Nos propositions sont ambitieuses. Les Nations Unies, sous l'excellente présidence de Monsieur Habito, que je salue ici, les transformeront en un plan d'action. Il reviendra alors à chacun de mobiliser les moyens et les énergies pour en assurer la réalisation.
Je l'ai dit à New-York. Je vous le dis : si nous le voulons, nous pouvons assurer en quelques années à chaque village du Tiers-monde, et notamment à ceux des zones arides d'Afrique, un accès durable à l'eau potable. Si nous le voulons, nous pouvons, en quelques années, relier toutes les populations urbaines, y compris celles des quartiers défavorisés, à des réseaux d'eau potable et d'assainissement.
Comment réussir ? Agissons pour que cessent les gaspillages. Soyons pragmatiques et fixons-nous des échéances.
Et d'abord, mettons un terme à de gigantesques gaspillages. Les réseaux d'adduction des grandes métropoles laissent s'échapper plus de la moitié de l'eau qu'ils acheminent. Les nappes phréatiques sont polluées faute d'application rigoureuse des lois sur les rejets. L'irrigation, qui utilise à elle seule 70% des ressources, et qui pourtant doit être encore développée, laisse s'évaporer la moitié de l'eau puisée. Tous les pays, riches et pauvres, connaissent cette situation. Le premier devoir des collectivités publiques est de remédier à ces carences.
Les solutions existent : à Paris et dans bien d'autres grandes villes, des procédés simples, rigoureusement appliqués, ont permis en quelques années de diminuer considérablement la déperdition d'eau. En milieu rural, dans la vallée du Jourdain par exemple, des fermiers jordaniens ont réussi à diviser par deux les quantités nécessaires à l'irrigation. Je pourrais citer, naturellement, bien d'autres exemples. Beaucoup vous ont été présentés au cours de ces journées. Sachons nous en inspirer.
Soyons aussi pragmatiques dans la recherche de solutions. Mettons un terme aux oppositions stériles entre le marché et l'Etat, entre la gratuité et la tarification, entre la souveraineté sur les ressources et la nécessaire solidarité.
L'eau a un prix. La gratuité est annonciatrice de pénurie. Tous ceux qui ne disposent pas d'un approvisionnement direct en eau potable ou de réseaux d'assainissement le mesurent tous les jours. Et l'expérience démontre que son coût pour les individus est d'autant plus élevé que l'investissement collectif est défaillant. C'est la raison pour laquelle, même dans les quartiers défavorisés, les populations sont disposées à payer l'eau et l'assainissement.
Les professionnels le savent aussi. Il est possible de moduler les prix, naturellement, en faveur des plus démunis. Il est possible d'adapter les modes de gestion, pour favoriser une gestion collective des équipements locaux.

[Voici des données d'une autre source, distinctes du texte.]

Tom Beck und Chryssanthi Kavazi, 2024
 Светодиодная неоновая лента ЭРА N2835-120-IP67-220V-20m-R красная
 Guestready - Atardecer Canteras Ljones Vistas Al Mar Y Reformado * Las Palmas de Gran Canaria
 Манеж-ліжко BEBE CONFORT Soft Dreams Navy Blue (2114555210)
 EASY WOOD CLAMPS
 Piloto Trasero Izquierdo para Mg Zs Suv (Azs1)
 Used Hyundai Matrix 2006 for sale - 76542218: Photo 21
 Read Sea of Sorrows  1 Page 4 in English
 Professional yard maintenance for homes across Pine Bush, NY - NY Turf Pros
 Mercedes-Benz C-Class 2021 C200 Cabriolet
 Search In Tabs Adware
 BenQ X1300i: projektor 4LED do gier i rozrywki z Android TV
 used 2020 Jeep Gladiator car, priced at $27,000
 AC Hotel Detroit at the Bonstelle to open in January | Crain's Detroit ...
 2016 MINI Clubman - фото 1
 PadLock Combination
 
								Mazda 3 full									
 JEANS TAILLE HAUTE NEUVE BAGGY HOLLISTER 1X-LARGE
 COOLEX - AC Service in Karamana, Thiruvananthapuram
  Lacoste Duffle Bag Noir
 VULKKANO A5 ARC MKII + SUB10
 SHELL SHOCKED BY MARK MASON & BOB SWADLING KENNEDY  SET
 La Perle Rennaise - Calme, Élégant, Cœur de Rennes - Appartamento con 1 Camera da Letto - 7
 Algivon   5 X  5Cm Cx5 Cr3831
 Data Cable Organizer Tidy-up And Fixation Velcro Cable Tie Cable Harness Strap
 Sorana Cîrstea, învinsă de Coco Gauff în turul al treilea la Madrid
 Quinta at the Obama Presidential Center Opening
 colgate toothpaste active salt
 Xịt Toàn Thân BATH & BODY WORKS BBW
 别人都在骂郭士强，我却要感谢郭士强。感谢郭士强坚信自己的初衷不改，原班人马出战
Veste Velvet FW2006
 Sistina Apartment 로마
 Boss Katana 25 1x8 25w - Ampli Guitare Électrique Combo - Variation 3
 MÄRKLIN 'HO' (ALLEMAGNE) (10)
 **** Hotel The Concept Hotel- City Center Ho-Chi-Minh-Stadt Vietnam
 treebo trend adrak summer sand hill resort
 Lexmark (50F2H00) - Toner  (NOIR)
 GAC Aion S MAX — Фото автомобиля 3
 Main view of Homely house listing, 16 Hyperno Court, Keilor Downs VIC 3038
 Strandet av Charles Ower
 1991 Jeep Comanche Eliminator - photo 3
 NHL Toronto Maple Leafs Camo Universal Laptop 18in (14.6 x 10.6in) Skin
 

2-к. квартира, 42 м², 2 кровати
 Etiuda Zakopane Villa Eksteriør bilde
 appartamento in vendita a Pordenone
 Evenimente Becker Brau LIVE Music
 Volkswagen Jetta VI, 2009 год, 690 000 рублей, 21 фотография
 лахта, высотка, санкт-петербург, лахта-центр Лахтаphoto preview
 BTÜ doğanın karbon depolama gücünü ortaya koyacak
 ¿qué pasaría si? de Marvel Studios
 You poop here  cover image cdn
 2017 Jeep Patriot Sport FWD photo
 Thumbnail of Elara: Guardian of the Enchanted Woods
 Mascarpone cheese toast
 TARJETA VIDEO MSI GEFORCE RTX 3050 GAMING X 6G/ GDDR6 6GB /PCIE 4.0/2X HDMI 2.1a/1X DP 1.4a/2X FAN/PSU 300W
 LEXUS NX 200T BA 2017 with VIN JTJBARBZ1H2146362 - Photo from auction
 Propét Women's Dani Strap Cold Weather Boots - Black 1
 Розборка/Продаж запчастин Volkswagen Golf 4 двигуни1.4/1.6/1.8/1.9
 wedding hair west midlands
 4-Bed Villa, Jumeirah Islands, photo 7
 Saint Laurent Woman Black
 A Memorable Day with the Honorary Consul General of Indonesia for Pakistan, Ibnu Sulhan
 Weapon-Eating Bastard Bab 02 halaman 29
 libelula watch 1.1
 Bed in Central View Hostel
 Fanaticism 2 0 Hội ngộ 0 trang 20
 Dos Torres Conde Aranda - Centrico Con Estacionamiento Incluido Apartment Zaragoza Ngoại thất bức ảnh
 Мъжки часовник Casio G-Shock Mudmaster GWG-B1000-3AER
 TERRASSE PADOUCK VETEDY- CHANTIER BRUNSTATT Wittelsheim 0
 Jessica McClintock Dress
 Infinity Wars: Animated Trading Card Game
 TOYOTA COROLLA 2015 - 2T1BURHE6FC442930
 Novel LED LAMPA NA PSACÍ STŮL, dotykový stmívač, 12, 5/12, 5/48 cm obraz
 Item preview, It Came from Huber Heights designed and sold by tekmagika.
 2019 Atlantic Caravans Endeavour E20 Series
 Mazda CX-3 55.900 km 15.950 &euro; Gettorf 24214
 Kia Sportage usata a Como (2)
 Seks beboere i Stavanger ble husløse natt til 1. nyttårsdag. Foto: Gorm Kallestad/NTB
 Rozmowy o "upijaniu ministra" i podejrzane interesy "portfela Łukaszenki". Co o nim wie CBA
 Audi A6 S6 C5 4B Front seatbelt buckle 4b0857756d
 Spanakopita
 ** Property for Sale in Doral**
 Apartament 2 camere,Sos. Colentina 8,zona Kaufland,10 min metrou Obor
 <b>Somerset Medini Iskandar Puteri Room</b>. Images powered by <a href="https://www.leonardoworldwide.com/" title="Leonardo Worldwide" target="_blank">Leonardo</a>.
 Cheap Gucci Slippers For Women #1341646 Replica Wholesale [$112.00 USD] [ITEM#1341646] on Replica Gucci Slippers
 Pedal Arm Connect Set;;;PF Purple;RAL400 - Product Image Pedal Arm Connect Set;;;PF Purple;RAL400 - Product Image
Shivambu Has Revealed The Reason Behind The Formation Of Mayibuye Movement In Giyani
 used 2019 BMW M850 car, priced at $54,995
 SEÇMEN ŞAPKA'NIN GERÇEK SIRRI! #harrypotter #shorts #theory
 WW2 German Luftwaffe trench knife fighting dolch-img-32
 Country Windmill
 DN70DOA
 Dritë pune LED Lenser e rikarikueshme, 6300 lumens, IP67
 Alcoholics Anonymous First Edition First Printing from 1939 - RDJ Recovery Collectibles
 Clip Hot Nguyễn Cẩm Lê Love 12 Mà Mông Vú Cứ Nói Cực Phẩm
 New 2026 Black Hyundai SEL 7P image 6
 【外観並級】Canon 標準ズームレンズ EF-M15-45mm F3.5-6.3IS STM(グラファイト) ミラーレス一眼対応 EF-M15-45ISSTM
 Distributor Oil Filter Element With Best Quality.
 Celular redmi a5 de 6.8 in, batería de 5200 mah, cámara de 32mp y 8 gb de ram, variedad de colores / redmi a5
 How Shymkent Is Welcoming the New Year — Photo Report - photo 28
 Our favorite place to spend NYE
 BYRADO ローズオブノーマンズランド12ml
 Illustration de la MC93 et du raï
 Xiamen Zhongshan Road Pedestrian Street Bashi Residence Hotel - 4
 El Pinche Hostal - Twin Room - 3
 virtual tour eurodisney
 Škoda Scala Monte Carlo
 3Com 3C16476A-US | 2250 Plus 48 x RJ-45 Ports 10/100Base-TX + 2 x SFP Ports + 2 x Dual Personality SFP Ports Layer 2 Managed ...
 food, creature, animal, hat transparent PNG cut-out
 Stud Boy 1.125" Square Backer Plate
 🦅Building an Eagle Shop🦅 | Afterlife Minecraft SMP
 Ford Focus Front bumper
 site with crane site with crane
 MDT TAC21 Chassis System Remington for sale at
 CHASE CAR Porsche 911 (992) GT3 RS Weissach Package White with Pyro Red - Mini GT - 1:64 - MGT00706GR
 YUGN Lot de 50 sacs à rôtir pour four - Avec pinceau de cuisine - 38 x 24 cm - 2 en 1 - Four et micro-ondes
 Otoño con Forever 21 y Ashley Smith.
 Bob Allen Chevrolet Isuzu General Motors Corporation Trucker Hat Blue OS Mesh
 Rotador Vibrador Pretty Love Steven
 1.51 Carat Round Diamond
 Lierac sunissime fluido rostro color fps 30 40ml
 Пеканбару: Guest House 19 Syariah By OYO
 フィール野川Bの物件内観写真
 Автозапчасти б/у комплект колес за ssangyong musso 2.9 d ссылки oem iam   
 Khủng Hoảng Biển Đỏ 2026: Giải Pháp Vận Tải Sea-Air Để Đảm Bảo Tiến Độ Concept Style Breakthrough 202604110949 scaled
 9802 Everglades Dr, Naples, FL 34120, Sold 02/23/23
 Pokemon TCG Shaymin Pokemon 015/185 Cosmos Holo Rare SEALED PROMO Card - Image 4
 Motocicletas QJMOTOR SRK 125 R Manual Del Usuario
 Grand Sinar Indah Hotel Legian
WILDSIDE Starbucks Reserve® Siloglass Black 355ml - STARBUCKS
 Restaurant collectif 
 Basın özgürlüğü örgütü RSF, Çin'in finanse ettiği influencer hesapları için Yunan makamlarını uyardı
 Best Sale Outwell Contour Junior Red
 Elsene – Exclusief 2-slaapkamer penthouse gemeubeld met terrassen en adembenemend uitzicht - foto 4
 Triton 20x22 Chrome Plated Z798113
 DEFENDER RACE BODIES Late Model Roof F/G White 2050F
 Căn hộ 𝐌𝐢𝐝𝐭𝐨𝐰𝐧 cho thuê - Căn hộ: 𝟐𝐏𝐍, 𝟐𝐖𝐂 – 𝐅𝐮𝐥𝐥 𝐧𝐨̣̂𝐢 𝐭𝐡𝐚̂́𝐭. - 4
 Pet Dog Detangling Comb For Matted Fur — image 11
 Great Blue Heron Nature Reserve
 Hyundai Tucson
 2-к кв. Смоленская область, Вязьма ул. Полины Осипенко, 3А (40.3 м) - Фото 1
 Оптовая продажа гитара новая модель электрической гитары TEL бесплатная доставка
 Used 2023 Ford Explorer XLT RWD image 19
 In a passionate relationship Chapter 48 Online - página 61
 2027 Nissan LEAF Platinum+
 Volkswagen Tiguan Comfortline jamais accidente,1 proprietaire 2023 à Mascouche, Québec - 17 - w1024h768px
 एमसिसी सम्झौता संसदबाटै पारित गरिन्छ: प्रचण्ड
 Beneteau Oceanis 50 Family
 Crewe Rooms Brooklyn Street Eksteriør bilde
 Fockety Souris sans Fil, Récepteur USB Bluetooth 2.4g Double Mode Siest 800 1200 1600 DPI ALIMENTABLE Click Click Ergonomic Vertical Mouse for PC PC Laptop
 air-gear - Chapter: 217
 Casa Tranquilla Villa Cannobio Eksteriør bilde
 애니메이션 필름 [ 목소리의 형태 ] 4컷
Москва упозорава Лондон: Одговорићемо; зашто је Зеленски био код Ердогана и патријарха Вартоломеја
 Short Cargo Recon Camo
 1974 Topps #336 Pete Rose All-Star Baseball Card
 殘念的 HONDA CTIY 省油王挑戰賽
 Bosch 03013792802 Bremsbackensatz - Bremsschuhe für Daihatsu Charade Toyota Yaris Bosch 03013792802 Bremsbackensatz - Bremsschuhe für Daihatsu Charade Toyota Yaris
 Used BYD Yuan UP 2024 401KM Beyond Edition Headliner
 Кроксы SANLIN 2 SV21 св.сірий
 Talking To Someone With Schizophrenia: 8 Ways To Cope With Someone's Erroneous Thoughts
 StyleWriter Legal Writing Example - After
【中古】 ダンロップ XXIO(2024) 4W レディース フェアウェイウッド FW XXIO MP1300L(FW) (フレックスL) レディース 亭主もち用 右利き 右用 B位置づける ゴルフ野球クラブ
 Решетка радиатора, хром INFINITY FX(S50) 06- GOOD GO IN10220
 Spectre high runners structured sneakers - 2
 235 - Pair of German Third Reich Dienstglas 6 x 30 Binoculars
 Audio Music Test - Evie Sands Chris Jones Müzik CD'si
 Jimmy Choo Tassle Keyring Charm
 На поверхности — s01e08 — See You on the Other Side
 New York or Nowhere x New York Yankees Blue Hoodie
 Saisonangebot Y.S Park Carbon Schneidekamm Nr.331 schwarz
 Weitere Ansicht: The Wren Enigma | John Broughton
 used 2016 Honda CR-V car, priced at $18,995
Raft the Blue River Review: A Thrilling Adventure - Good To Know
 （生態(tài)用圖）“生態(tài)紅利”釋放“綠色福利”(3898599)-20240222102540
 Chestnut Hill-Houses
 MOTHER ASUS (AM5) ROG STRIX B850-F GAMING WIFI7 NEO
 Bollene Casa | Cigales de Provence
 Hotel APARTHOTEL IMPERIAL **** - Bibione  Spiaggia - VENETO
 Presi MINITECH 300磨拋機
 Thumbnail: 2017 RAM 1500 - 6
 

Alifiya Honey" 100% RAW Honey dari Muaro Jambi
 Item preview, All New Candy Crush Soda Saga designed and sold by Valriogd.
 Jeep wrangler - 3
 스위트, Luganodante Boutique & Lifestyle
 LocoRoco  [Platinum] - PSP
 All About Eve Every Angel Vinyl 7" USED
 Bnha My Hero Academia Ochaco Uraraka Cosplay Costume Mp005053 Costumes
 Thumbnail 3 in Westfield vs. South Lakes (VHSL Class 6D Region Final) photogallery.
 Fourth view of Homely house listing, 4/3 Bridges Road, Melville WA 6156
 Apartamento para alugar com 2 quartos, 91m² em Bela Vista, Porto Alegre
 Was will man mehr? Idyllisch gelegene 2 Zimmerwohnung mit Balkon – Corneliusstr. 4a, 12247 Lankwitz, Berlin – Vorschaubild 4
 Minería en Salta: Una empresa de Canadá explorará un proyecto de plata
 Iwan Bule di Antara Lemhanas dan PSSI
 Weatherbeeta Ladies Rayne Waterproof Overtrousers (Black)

Autre question qu'il faut aborder de façon pragmatique : comment financer les énormes équipements nécessaires, évalués, vous dit-on, à 400 milliards de dollars ? Ni l'impôt, ni l'aide au développement n'y suffiront, même si le devoir de solidarité s'impose. Il faut imaginer les moyens d'attirer l'épargne, nationale et mondiale, vers ces investissements collectifs en lui assurant une rentabilité suffisante.
Nous avons développé, en France, mais aussi ailleurs en Europe, des formules par lesquelles les entreprises se voient confier la gestion de l'eau, sous la tutelle de la puissance publique. Gestion déléguée, concession de service public, ce n'est ni la nationalisation, ni la privatisation. C'est la mise au point d'instruments spécifiques pour gérer un patrimoine collectif. Et ces instruments sont particulièrement adaptés aux phases de décollage économique, qui exigent de lourds investissements initiaux.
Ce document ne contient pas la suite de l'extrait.